INPUT DATA START
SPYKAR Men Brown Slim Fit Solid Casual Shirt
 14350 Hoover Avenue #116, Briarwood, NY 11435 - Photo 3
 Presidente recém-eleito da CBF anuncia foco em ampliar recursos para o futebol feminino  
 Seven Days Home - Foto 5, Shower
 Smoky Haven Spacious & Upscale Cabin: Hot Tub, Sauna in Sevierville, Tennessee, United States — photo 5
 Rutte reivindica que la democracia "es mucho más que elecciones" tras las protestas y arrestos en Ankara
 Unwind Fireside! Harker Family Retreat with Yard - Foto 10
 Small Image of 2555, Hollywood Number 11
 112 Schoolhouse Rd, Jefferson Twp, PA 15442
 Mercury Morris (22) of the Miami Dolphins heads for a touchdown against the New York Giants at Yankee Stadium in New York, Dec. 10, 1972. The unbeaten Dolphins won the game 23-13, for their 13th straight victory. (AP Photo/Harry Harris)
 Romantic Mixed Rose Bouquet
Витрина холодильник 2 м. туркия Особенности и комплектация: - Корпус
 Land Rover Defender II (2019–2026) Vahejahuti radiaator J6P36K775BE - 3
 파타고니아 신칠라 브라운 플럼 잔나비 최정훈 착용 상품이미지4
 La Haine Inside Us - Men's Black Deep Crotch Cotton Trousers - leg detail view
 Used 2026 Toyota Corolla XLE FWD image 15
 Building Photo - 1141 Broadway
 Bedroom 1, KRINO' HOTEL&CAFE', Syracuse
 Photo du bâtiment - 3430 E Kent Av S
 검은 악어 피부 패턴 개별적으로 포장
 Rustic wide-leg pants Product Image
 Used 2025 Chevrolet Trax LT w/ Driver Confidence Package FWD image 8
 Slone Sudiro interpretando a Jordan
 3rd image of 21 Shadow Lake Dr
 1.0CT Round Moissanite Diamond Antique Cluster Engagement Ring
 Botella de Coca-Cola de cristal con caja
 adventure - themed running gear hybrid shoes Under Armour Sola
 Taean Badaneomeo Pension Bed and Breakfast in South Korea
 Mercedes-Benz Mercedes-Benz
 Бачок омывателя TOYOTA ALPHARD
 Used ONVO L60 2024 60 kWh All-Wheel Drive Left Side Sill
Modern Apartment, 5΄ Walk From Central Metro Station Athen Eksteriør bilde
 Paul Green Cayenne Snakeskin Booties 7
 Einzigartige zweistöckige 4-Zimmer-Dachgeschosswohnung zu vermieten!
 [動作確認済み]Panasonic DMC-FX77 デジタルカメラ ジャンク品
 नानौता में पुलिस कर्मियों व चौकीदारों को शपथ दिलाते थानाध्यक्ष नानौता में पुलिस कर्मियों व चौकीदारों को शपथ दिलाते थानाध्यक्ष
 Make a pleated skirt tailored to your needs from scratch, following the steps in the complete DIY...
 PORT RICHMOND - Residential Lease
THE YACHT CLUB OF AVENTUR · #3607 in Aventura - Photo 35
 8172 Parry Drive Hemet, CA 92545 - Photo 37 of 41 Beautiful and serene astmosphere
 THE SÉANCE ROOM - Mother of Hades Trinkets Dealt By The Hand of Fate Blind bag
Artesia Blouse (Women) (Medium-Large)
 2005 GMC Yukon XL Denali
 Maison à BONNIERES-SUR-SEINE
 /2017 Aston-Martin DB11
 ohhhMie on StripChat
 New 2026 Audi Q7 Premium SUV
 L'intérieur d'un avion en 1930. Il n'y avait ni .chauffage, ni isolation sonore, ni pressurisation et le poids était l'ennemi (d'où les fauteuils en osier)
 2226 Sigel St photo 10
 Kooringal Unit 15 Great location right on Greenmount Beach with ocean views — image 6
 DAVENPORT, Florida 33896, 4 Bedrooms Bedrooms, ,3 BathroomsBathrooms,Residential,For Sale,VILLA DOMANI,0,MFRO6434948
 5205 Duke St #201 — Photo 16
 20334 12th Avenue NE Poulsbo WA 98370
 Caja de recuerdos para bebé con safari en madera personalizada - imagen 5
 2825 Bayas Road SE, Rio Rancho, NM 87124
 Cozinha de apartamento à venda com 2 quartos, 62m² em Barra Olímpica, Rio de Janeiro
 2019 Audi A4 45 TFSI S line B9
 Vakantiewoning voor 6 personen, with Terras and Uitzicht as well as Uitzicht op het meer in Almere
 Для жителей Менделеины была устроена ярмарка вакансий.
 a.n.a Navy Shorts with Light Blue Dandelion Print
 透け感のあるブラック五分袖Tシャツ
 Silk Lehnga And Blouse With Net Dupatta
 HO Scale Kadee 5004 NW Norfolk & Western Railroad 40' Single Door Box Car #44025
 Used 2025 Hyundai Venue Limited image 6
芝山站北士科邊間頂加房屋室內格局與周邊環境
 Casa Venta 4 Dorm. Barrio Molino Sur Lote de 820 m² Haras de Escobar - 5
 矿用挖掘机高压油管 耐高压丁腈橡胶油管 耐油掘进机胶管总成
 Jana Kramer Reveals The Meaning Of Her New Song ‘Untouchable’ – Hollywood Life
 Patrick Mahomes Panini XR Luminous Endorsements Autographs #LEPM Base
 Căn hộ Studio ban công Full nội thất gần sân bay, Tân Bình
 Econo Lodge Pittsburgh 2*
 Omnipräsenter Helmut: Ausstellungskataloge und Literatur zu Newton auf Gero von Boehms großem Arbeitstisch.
INPUT DATA END
### ACTIVITY
Having read the entries above, repeat them exactly.

### THE ANSWER
SPYKAR Men Brown Slim Fit Solid Casual Shirt
 14350 Hoover Avenue #116, Briarwood, NY 11435 - Photo 3
 Presidente recém-eleito da CBF anuncia foco em ampliar recursos para o futebol feminino  
 Seven Days Home - Foto 5, Shower
 Smoky Haven Spacious & Upscale Cabin: Hot Tub, Sauna in Sevierville, Tennessee, United States — photo 5
 Rutte reivindica que la democracia "es mucho más que elecciones" tras las protestas y arrestos en Ankara
 Unwind Fireside! Harker Family Retreat with Yard - Foto 10
 Small Image of 2555, Hollywood Number 11
 112 Schoolhouse Rd, Jefferson Twp, PA 15442
 Mercury Morris (22) of the Miami Dolphins heads for a touchdown against the New York Giants at Yankee Stadium in New York, Dec. 10, 1972. The unbeaten Dolphins won the game 23-13, for their 13th straight victory. (AP Photo/Harry Harris)
 Romantic Mixed Rose Bouquet
Витрина холодильник 2 м. туркия Особенности и комплектация: - Корпус
 Land Rover Defender II (2019–2026) Vahejahuti radiaator J6P36K775BE - 3
 파타고니아 신칠라 브라운 플럼 잔나비 최정훈 착용 상품이미지4
 La Haine Inside Us - Men's Black Deep Crotch Cotton Trousers - leg detail view
 Used 2026 Toyota Corolla XLE FWD image 15
 Building Photo - 1141 Broadway
 Bedroom 1, KRINO' HOTEL&CAFE', Syracuse
 Photo du bâtiment - 3430 E Kent Av S
 검은 악어 피부 패턴 개별적으로 포장
 Rustic wide-leg pants Product Image
 Used 2025 Chevrolet Trax LT w/ Driver Confidence Package FWD image 8
 Slone Sudiro interpretando a Jordan
 3rd image of 21 Shadow Lake Dr
 1.0CT Round Moissanite Diamond Antique Cluster Engagement Ring
 Botella de Coca-Cola de cristal con caja
 adventure - themed running gear hybrid shoes Under Armour Sola
 Taean Badaneomeo Pension Bed and Breakfast in South Korea
 Mercedes-Benz Mercedes-Benz
 Бачок омывателя TOYOTA ALPHARD
 Used ONVO L60 2024 60 kWh All-Wheel Drive Left Side Sill
Modern Apartment, 5΄ Walk From Central Metro Station Athen Eksteriør bilde
 Paul Green Cayenne Snakeskin Booties 7
 Einzigartige zweistöckige 4-Zimmer-Dachgeschosswohnung zu vermieten!
 [動作確認済み]Panasonic DMC-FX77 デジタルカメラ ジャンク品
 नानौता में पुलिस कर्मियों व चौकीदारों को शपथ दिलाते थानाध्यक्ष नानौता में पुलिस कर्मियों व चौकीदारों को शपथ दिलाते थानाध्यक्ष
 Make a pleated skirt tailored to your needs from scratch, following the steps in the complete DIY...
 PORT RICHMOND - Residential Lease
THE YACHT CLUB OF AVENTUR · #3607 in Aventura - Photo 35
 8172 Parry Drive Hemet, CA 92545 - Photo 37 of 41 Beautiful and serene astmosphere
 THE SÉANCE ROOM - Mother of Hades Trinkets Dealt By The Hand of Fate Blind bag
Artesia Blouse (Women) (Medium-Large)
 2005 GMC Yukon XL Denali
 Maison à BONNIERES-SUR-SEINE
 /2017 Aston-Martin DB11
 ohhhMie on StripChat
 New 2026 Audi Q7 Premium SUV
 L'intérieur d'un avion en 1930. Il n'y avait ni .chauffage, ni isolation sonore, ni pressurisation et le poids était l'ennemi (d'où les fauteuils en osier)
 2226 Sigel St photo 10
 Kooringal Unit 15 Great location right on Greenmount Beach with ocean views — image 6
 DAVENPORT, Florida 33896, 4 Bedrooms Bedrooms, ,3 BathroomsBathrooms,Residential,For Sale,VILLA DOMANI,0,MFRO6434948
 5205 Duke St #201 — Photo 16
 20334 12th Avenue NE Poulsbo WA 98370
 Caja de recuerdos para bebé con safari en madera personalizada - imagen 5
 2825 Bayas Road SE, Rio Rancho, NM 87124
 Cozinha de apartamento à venda com 2 quartos, 62m² em Barra Olímpica, Rio de Janeiro
 2019 Audi A4 45 TFSI S line B9
 Vakantiewoning voor 6 personen, with Terras and Uitzicht as well as Uitzicht op het meer in Almere
 Для жителей Менделеины была устроена ярмарка вакансий.
 a.n.a Navy Shorts with Light Blue Dandelion Print
 透け感のあるブラック五分袖Tシャツ
 Silk Lehnga And Blouse With Net Dupatta
 HO Scale Kadee 5004 NW Norfolk & Western Railroad 40' Single Door Box Car #44025
 Used 2025 Hyundai Venue Limited image 6
芝山站北士科邊間頂加房屋室內格局與周邊環境
 Casa Venta 4 Dorm. Barrio Molino Sur Lote de 820 m² Haras de Escobar - 5
 矿用挖掘机高压油管 耐高压丁腈橡胶油管 耐油掘进机胶管总成
 Jana Kramer Reveals The Meaning Of Her New Song ‘Untouchable’ – Hollywood Life
 Patrick Mahomes Panini XR Luminous Endorsements Autographs #LEPM Base
 Căn hộ Studio ban công Full nội thất gần sân bay, Tân Bình
 Econo Lodge Pittsburgh 2*
 Omnipräsenter Helmut: Ausstellungskataloge und Literatur zu Newton auf Gero von Boehms großem Arbeitstisch.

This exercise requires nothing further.